BROWNIE, the willing drudge, the kind little housemate, was the most popular of all fairies; and it is he whom we now love and know best.
He was a sweet, unselfish fellow; but very wide awake as well, full of mischief, and spirited as a young eagle, when he was deprived of his rights. He belonged to a tribe of great influence and size, and each division of that tribe, inhabiting different countries, bore a different name. But the word Brownie, to English-speaking people, will serve as meaning those fairies who attached themselves persistently to any spot or any family, and who labored in behalf of their chosen home.

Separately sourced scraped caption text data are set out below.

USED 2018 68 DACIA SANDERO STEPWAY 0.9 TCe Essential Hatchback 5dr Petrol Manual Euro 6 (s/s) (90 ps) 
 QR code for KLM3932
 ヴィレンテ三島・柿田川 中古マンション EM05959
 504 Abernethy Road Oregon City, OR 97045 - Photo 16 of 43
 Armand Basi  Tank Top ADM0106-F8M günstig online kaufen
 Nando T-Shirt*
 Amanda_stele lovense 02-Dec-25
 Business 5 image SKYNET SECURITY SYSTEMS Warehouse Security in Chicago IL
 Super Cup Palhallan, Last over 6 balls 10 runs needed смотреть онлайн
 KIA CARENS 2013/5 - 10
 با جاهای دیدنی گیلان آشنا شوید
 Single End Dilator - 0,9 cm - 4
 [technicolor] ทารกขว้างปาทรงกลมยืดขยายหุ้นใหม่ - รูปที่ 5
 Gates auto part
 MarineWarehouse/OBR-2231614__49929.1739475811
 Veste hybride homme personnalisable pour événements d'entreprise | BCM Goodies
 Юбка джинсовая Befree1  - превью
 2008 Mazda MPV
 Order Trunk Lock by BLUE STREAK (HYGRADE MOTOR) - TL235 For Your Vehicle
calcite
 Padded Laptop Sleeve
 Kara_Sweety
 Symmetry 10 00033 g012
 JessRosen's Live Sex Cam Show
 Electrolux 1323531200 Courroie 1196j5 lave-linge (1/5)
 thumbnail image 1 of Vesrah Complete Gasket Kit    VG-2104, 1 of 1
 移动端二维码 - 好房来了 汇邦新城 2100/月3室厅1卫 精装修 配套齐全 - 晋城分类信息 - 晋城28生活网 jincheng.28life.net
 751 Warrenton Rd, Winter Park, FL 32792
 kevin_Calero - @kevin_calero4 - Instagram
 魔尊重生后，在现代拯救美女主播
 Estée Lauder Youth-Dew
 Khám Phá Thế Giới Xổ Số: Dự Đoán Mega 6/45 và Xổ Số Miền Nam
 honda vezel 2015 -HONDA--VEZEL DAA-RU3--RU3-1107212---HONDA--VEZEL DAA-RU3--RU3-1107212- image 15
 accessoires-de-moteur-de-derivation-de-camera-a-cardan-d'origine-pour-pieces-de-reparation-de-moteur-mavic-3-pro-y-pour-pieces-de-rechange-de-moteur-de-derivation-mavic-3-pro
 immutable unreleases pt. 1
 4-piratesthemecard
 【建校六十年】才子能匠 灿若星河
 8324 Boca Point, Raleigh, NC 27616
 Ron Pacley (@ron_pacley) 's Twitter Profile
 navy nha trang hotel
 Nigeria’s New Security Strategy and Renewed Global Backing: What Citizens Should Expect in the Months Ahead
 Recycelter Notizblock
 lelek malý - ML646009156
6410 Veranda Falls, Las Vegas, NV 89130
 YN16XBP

The Brownie proper belonged to the Shetland and the Western Isles, to Cornwall, and the Highlands and Borderlands of Scotland. He was an indoor gentleman, and varied in that from our friends the Black and Light Elves. He took up his dwelling in the house or the barn, sometimes in a special corner, or under the roof, or even in the cellar pantries, where he ate a great deal more than was good for him. In the beginning he was supposed to have been covered with short curly brown hair, like a clipped water-spaniel, whence his name. But he changed greatly in appearance. Later accounts picture him with a homely, sunburnt little face, as if bronzed with long wind and weather; dark-coated, red-capped, and shod with noiseless slippers, which were as good as wings to his restless feet. Along with him, in Scotch houses, and in English houses supplanting him, often lived the Dobie or Dobbie who was not by any means so bright and active ("O, ye stupid Dobie!" runs a common phrase), and therefore not to be confounded with him.
BROWNIE'S DELIGHT WAS TO DO DOMESTIC SERVICE.
Brownie's delight was to do domestic service; he churned, baked, brewed, mowed, threshed, swept, scrubbed, and dusted; he set things in order, saved many a step to his mistress, and took it upon himself to manage the maid-servants, and reform them, if necessary, by severe and original measures. Neatness and precision he dearly loved, and never forgot to drop a penny over-night in the shoe of the person deserving well of him. But lax offenders he pinched black and blue, and led them an exciting life of it. His favorite revenge, among a hundred equally ingenious, was dragging the disorderly servant out of bed. A great poet announced in Brownie's name:
'Twixt sleep and wake
I do them take,
And on the key-cold floor them throw!
If out they cry
Then forth I fly,
And loudly laugh I: "Ho, ho, ho!"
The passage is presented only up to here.